Records drawn from a dataset

____________________

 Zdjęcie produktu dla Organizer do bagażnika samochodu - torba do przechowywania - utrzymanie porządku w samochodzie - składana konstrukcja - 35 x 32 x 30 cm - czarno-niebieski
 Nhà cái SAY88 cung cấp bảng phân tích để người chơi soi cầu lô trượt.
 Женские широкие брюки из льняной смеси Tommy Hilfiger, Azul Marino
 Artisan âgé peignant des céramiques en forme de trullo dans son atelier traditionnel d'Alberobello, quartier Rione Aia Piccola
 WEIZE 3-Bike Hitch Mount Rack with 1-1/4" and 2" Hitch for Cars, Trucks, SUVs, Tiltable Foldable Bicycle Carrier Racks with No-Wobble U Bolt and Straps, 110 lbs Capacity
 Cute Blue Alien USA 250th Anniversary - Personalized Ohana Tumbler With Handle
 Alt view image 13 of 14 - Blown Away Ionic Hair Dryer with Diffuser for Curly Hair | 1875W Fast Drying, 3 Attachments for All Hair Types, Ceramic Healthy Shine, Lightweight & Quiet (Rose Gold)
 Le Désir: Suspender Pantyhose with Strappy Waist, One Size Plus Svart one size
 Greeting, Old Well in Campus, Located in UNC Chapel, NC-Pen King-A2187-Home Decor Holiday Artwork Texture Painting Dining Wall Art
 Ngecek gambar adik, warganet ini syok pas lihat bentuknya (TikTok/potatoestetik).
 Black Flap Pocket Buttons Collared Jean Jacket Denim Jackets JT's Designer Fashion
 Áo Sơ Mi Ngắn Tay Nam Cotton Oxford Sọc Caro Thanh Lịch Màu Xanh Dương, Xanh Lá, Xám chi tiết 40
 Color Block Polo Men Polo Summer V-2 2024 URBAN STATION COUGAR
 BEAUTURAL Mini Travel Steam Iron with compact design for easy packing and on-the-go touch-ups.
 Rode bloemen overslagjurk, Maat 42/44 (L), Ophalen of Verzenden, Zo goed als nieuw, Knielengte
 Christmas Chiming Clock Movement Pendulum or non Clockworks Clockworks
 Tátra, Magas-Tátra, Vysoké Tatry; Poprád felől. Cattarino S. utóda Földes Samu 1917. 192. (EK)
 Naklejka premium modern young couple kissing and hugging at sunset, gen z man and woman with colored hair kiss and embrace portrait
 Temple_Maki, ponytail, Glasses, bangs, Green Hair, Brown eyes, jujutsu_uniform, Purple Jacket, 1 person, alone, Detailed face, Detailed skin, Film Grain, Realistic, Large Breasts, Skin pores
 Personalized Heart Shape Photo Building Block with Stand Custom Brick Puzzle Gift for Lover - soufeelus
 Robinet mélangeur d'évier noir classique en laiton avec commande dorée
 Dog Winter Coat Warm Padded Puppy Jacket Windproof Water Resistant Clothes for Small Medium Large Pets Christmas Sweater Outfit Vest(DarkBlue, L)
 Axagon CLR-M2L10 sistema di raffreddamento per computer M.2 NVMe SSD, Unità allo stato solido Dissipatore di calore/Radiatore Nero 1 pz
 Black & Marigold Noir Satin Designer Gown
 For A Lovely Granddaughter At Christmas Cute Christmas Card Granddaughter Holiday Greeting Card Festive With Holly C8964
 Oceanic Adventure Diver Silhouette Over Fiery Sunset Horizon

____________________

__YOUR OBJECTIVE__
Restate word for word the entries above, starting at the line with "Женские широкие брюки" and ending at the line with "Color Block Polo", inclusive, and no others.

__EXERCISE RESPONSE__
 Женские широкие брюки из льняной смеси Tommy Hilfiger, Azul Marino
 Artisan âgé peignant des céramiques en forme de trullo dans son atelier traditionnel d'Alberobello, quartier Rione Aia Piccola
 WEIZE 3-Bike Hitch Mount Rack with 1-1/4" and 2" Hitch for Cars, Trucks, SUVs, Tiltable Foldable Bicycle Carrier Racks with No-Wobble U Bolt and Straps, 110 lbs Capacity
 Cute Blue Alien USA 250th Anniversary - Personalized Ohana Tumbler With Handle
 Alt view image 13 of 14 - Blown Away Ionic Hair Dryer with Diffuser for Curly Hair | 1875W Fast Drying, 3 Attachments for All Hair Types, Ceramic Healthy Shine, Lightweight & Quiet (Rose Gold)
 Le Désir: Suspender Pantyhose with Strappy Waist, One Size Plus Svart one size
 Greeting, Old Well in Campus, Located in UNC Chapel, NC-Pen King-A2187-Home Decor Holiday Artwork Texture Painting Dining Wall Art
 Ngecek gambar adik, warganet ini syok pas lihat bentuknya (TikTok/potatoestetik).
 Black Flap Pocket Buttons Collared Jean Jacket Denim Jackets JT's Designer Fashion
 Áo Sơ Mi Ngắn Tay Nam Cotton Oxford Sọc Caro Thanh Lịch Màu Xanh Dương, Xanh Lá, Xám chi tiết 40
 Color Block Polo Men Polo Summer V-2 2024 URBAN STATION COUGAR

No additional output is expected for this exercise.